No creo que exista un sentimiento apocalíptico generalizado con
cada fin de siglo, ni siquiera con cada fin de milenio. Lo que ocurre
en realidad es que llegado ese momento hacemos balance, un balance en
el que nunca nos cuadran las cuentas. Y nunca el desequilibrio entre el
"debe" y el "haber" nos ha parecido tan desmesurado
e injusto como al final del caduco milenio que se nos ha escapado irremisiblemente
de las manos.
Nunca hasta ahora las guerras, el hambre y la miseria que campean por
los arrabales de nuestra "aldea global" habían sido monstruos
tan gratuitos, inadmisibles y detestablemente consentidos -e incluso amamantados
en ocasiones- por los poderes políticos de los barrios altos, cuyos
moradores, por otra parte, nunca habían estado tan abrumadoramente
informados sobre lo que ocurre al otro lado del muro, lejos -a veces no
tanto- de los paraísos artificiales donde se asientan sus venerables
posaderas.
Puede parecer muy loable estimular y subvencionar el esfuerzo individual
y la iniciativa privada con el fin de paliar esas lacras sociales de las
que todos nos sentimos culpables -ya se han encargado de convencernos
de ello a través de los poderosos medios de comunicación-
; pero también puede parecer un parche a todas luces insuficiente
y engomado con el cinismo de las Administraciones Estatales, que son las
que en realidad poseen la capacidad y el deber de hacer más equitativo
el reparto de la riqueza entre los habitantes del Planeta, a sabiendas
de que todos somos deudores de los "terceros", de los "cuartos",
de los numerosos mundos marginados, a la hora de ostentar nuestros privilegios
económicos como ciudadanos del "primer" o "segundo"
mundo -¿quién habla de éste?
Allá donde pueda hacerse algo, algo habrá que hacer.

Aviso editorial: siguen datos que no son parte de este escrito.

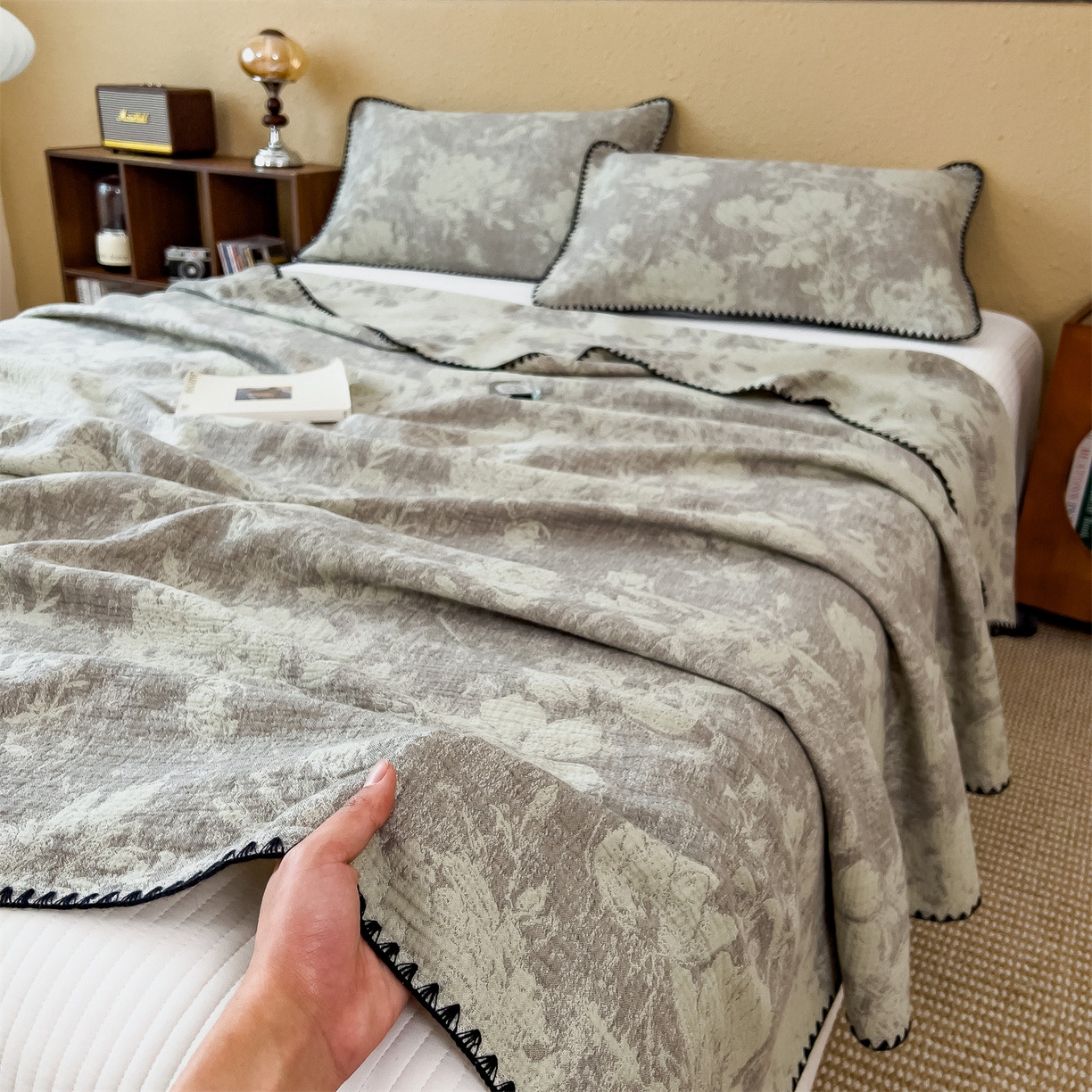 91家纺网 家纺一手货源 找家纺 云恋家纺 2026新款A类全棉四层纱三角针纱布毯全棉学生午睡被薄款床单沙发盖毯办公室披肩毯 柔花漫野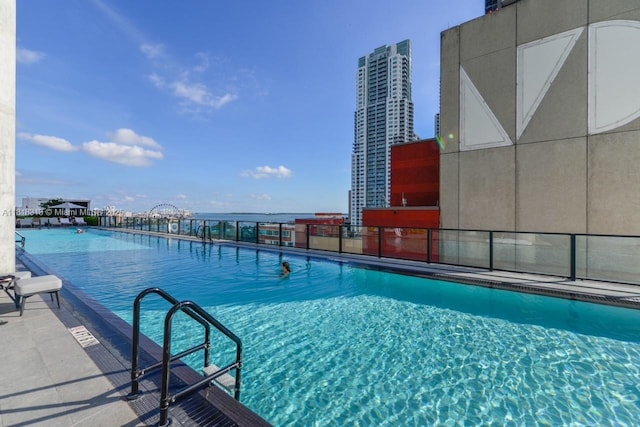 398 NE 5th St Unit 2407, Miami, FL 33132 - view of community pool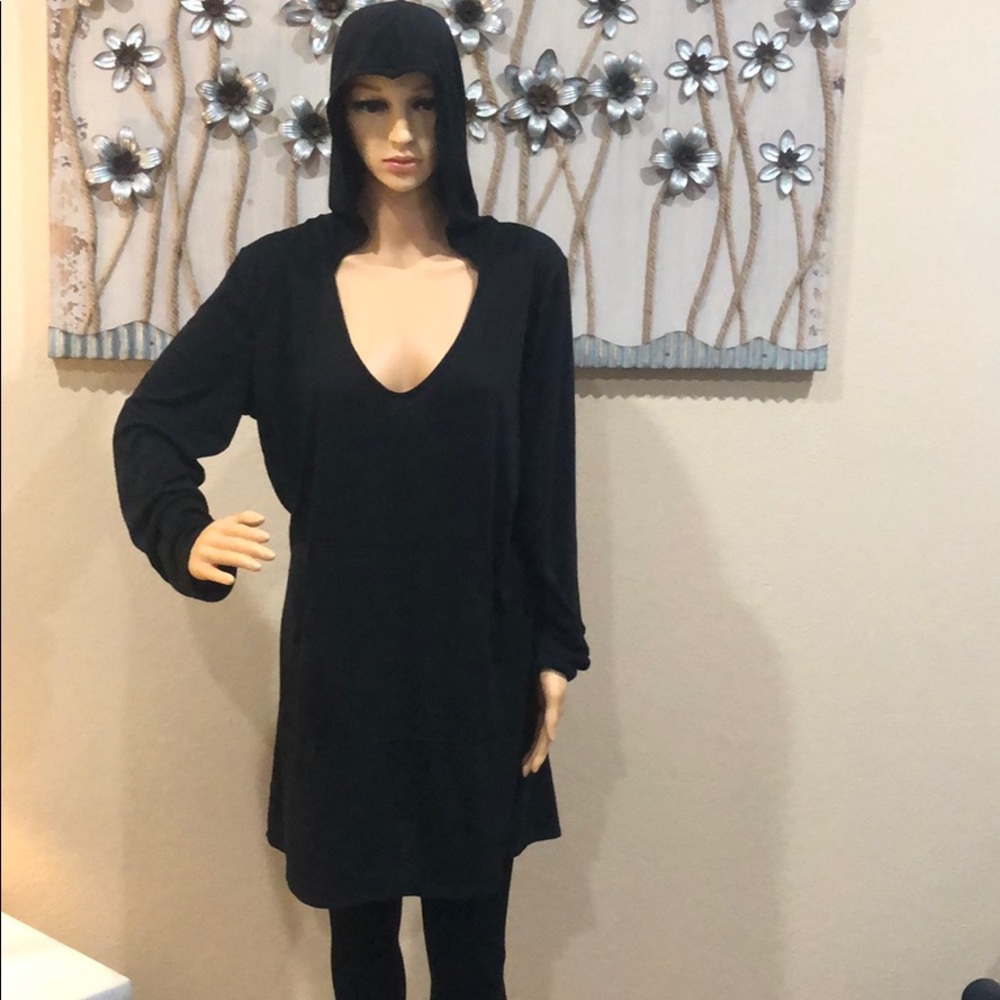 Black hooded tunic top with pocket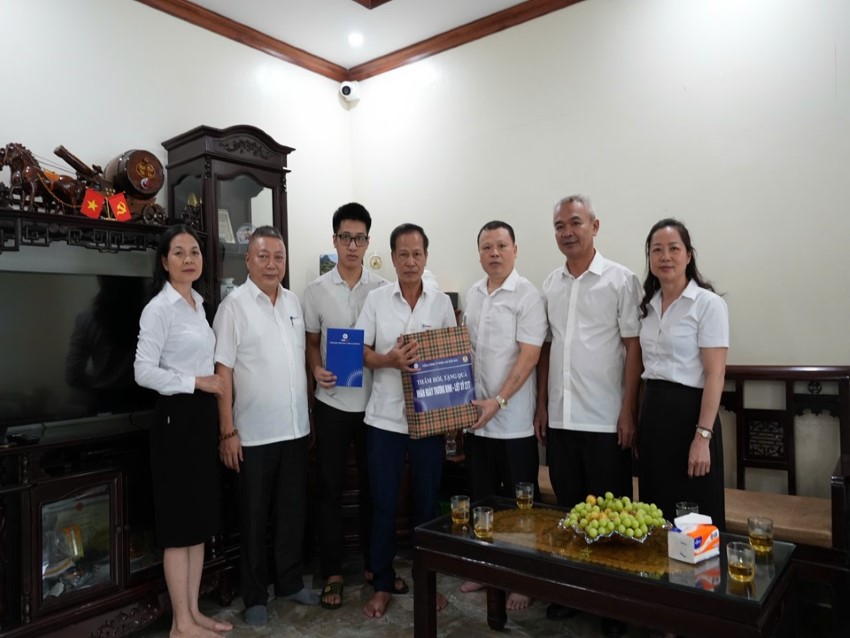 EVNNPC tri ân người có công với cách mạng nhân kỷ niệm 79 năm Ngày Thương binh - Liệt sĩ 3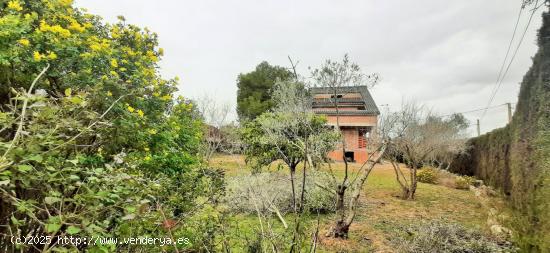  Casa con dos viviendas - BARCELONA 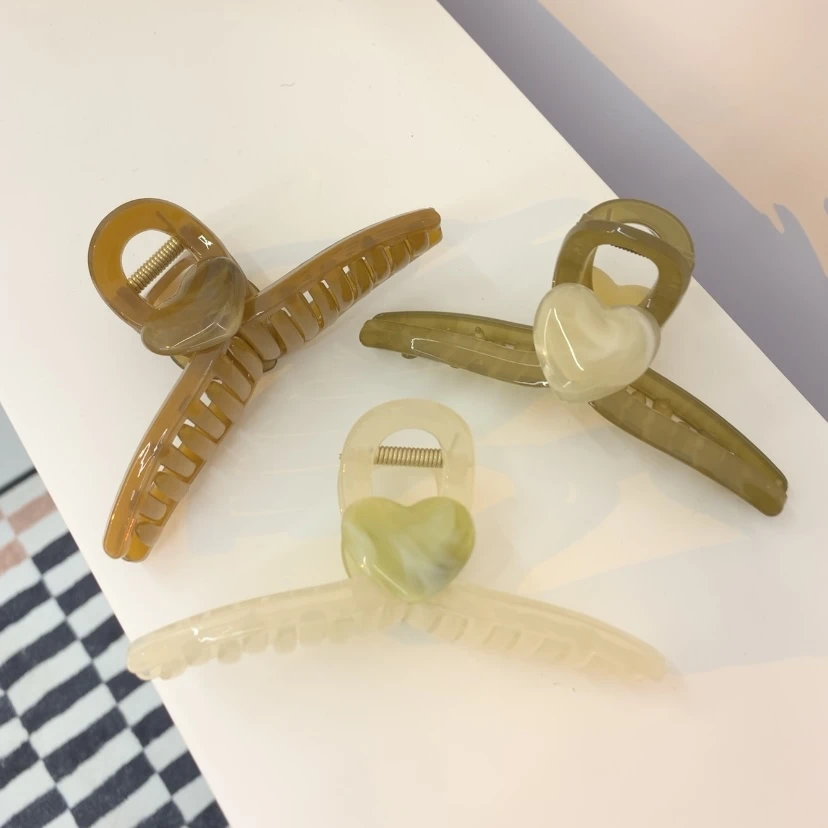 夹子果冻色爱心抓夹感大号鲨鱼夹简约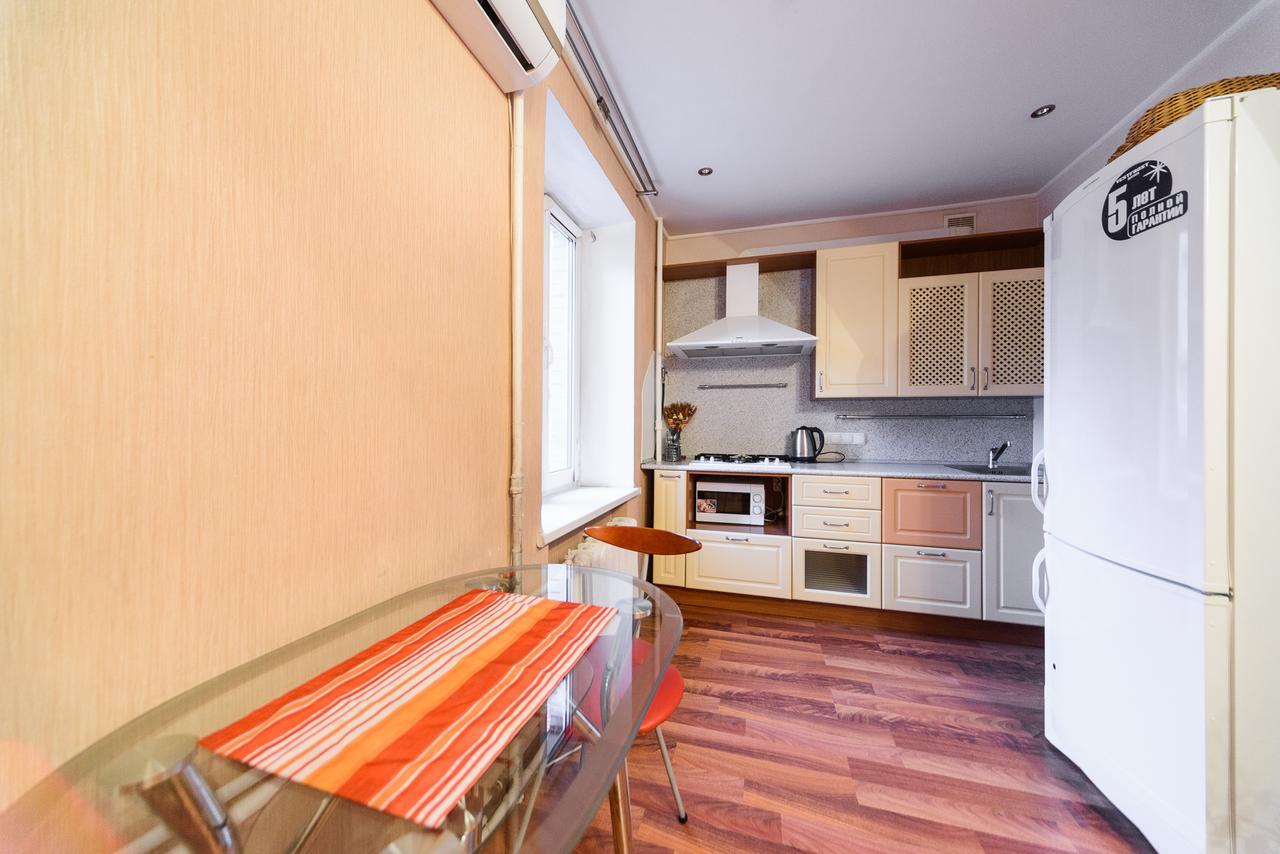 Apartment On Hryhoriia Chuprynky キエフ エクステリア 写真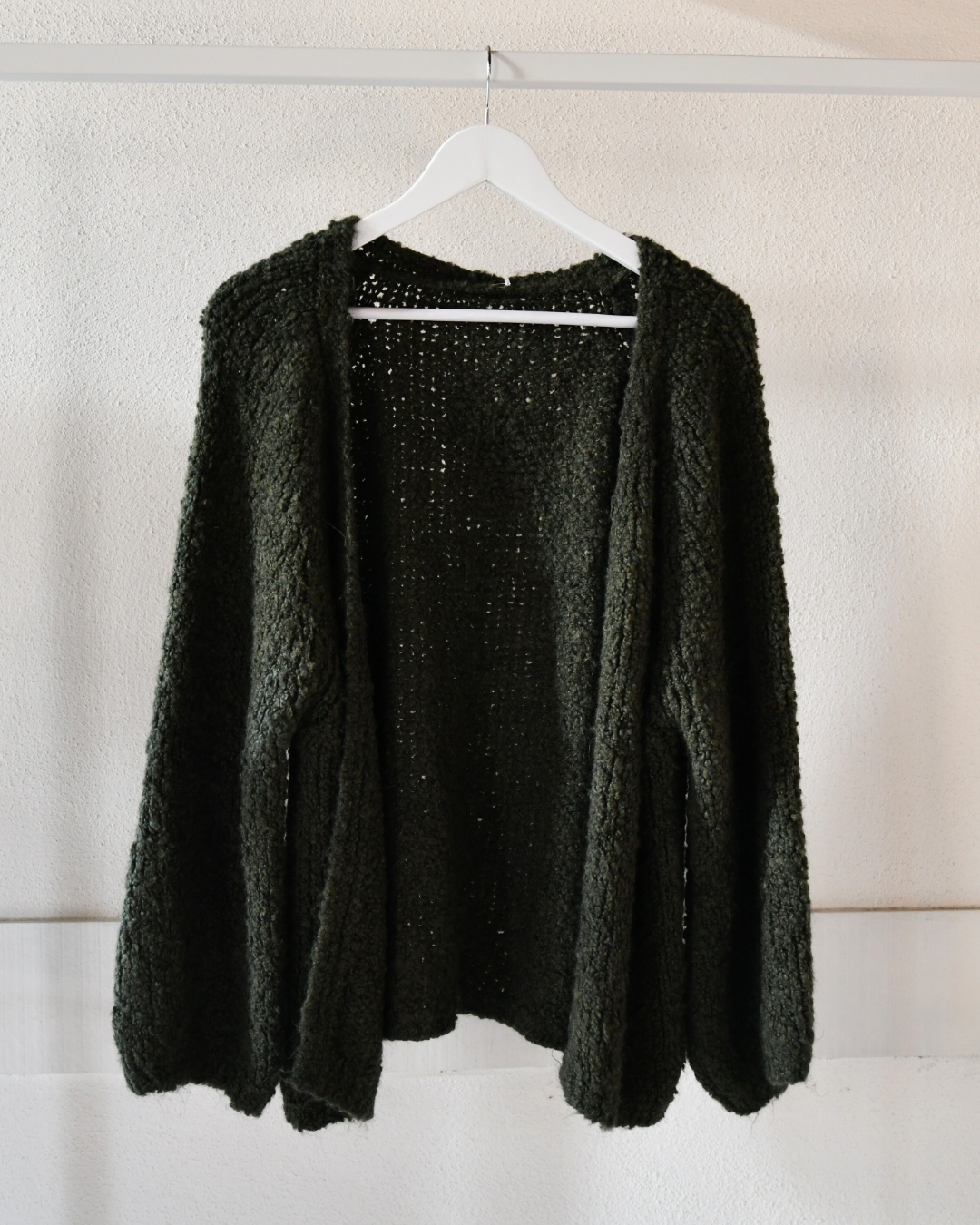Bouclé Strickjacke
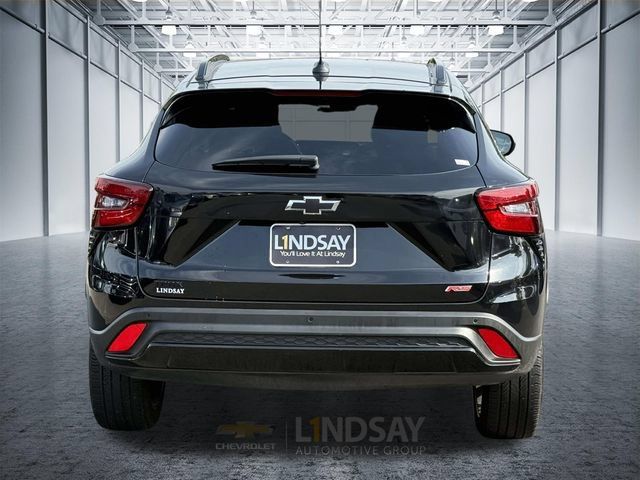 Used 2025 Chevrolet Trax RS w/ Sunroof Package FWD image 5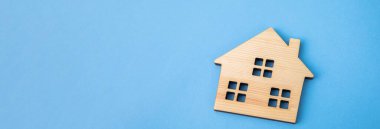 ahşap ev modeli mavi sırtüstü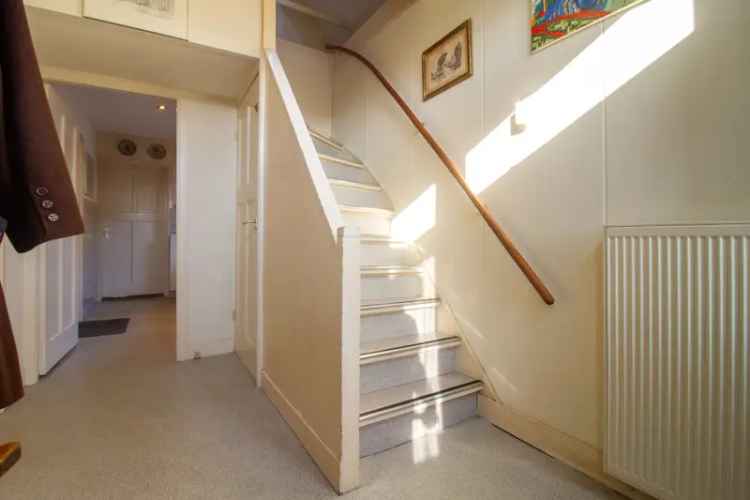 Jaren 30 woning Midsland Nabij Centrum Verbouwing Mogelijkheden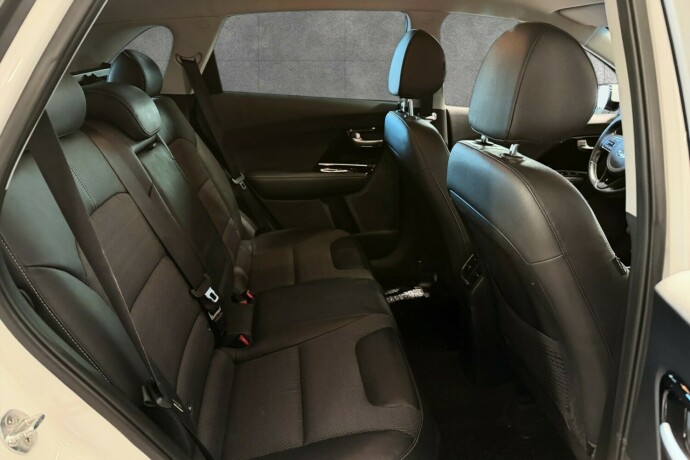 kia-niro-elektrisitetbensin-2018-big-10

Mejor
que permanecer sentados. Pero no nos engañemos utilizando la limosna
como medio para lavar nuestras enfangadas conciencias. El problema de
la insolidaridad comienza aquí mismo, en casa del vecino padre
de tres hijos que se ha quedado sin trabajo a sus cuarenta y tantos o
en el "chaval" treintañero del quinto que vive prisionero
en casa de sus padres, juega a la lotería de las oposiciones con
su carrera de económicas desde hace ocho años y trabaja
mientras tanto de "soplagaitas" para pagarse los vinos. Un "chaval"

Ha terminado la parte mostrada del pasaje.